そこから生活習慣をあらため、飲み物は水かお茶のみに。ジムにも通い詰めて、走ったり筋トレしたり。自分を徹底的に追い込みました。

 

井手らっきょ
鍛え上げられたふくらはぎ

そのかいあって、50日後の再検査では数値が7.2まで下がり、先生からも「いったい何をしたんですか?」と驚かれました。そこからは投薬治療に切り替え、先生に褒めてもらえるほどの数値に落ち着いています。ただ、僕の場合はたまたま数値が下がりましたけど、本来はきちんと病院に通って、医師の指示に従って治療することが大事だと思います。僕も今は定期的に通院しながら、薬と食事管理でコントロールしています。

 

── 短期間でそこまで!でも、長年染みついた偏食習慣、とくに依存性のある甘いものを突然断ち切るのは、相当なストレスだったのでは?

 

井手さん:もちろん甘いものを断つのは地獄のようなストレスでした。
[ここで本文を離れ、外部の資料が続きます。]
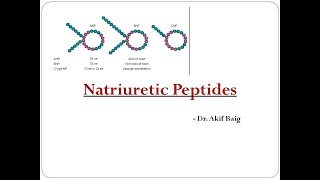 NATRIURETIC PEPTIDE  DrAkif Baig [upl. by Nolana]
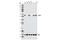 Phosphatase And Tensin Homolog antibody, 9188P, Cell Signaling Technology, Western Blot image 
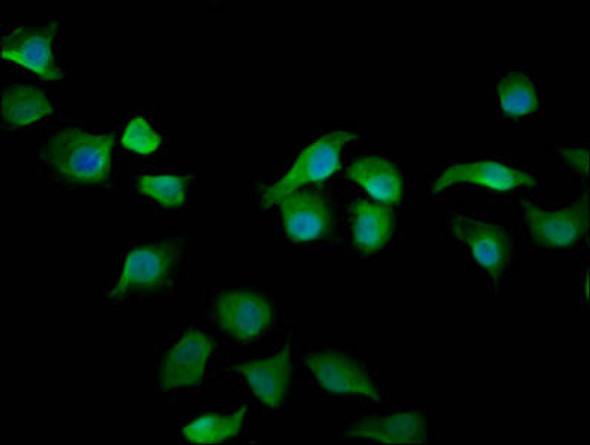 ARHGAP15 Antibody PACO59101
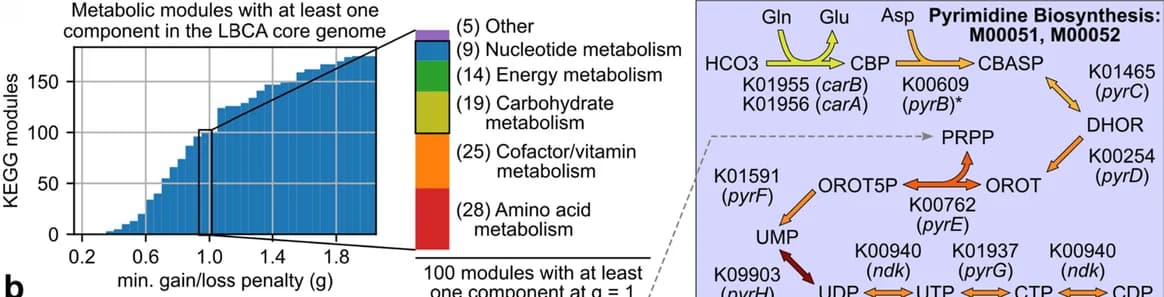 Open access visualization of Histogram, Workflow, KEGG Modules, LBCA Core Genome, Gain/Loss Penalty Thresholds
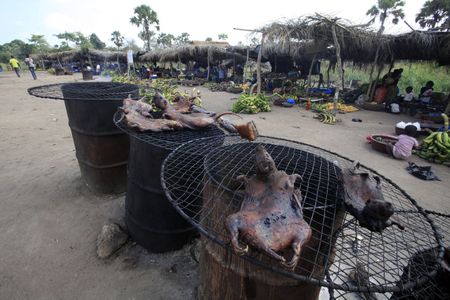 Dried bushmeat is displayed near a road of the Yamoussoukro highway. Experts who have studied the Ebola virus from its discovery in 1976 in Democratic Republic of Congo, then Zaire, say its suspected origin is forest bats. Links have also been made to the carcasses of freshly slaughtered animals consumed as bushmeat.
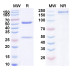 Anti-Human VE-Statin Reference Antibody (Parsatuzumab, RUO) Anti-Human VE-Statin Reference Antibody (Parsatuzumab, RUO)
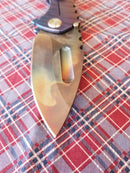 Medford Genesis Praetorian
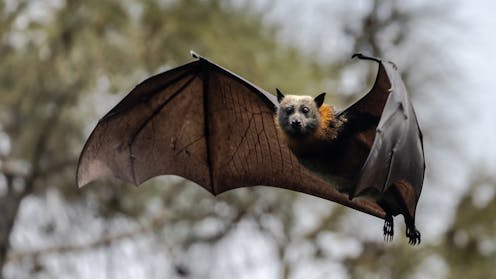 Lyssavirus is rare, but deadly. What should you do if a bat bites you?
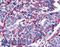 Adhesion G Protein-Coupled Receptor E3 antibody, LS-A6609, Lifespan Biosciences, Immunohistochemistry paraffin image 
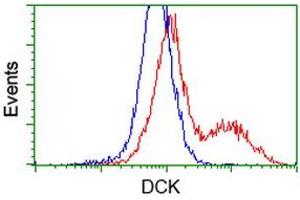 HEK293T cells transfected with either RC210767 overexpress plasmid (Red) or empty vector control plasmid (Blue) were immunostained by anti-DCK antibody (ABIN2454431), and then analyzed by flow cytometry. (DCK Antikörper)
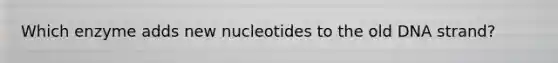 Which enzyme adds new nucleotides to the old DNA strand?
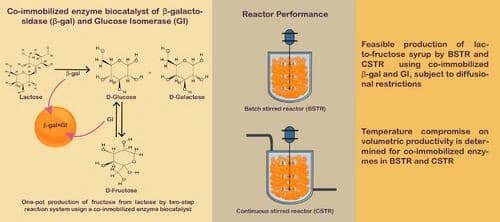 One‐pot Heterogeneous Biocatalysis under Thermal Decay for Fructose Production from Lactose using Co‐Immobilized Enzymes: Modeling and Simulation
先生にも「正直つらいです」と相談したところ、「おはぎも1個なら大丈夫ですよ」と、逃げ道を作ってくれて。「絶対にダメ」ではなく、「食べてもいい」と、選択肢ができた安心感から、ストレスを溜めすぎずに済みました。もし2個目のおはぎに手が出そうになったら「本当にそれでいいのか」と自分に問いかけながら、欲求を抑え込むよう意識してきましたね。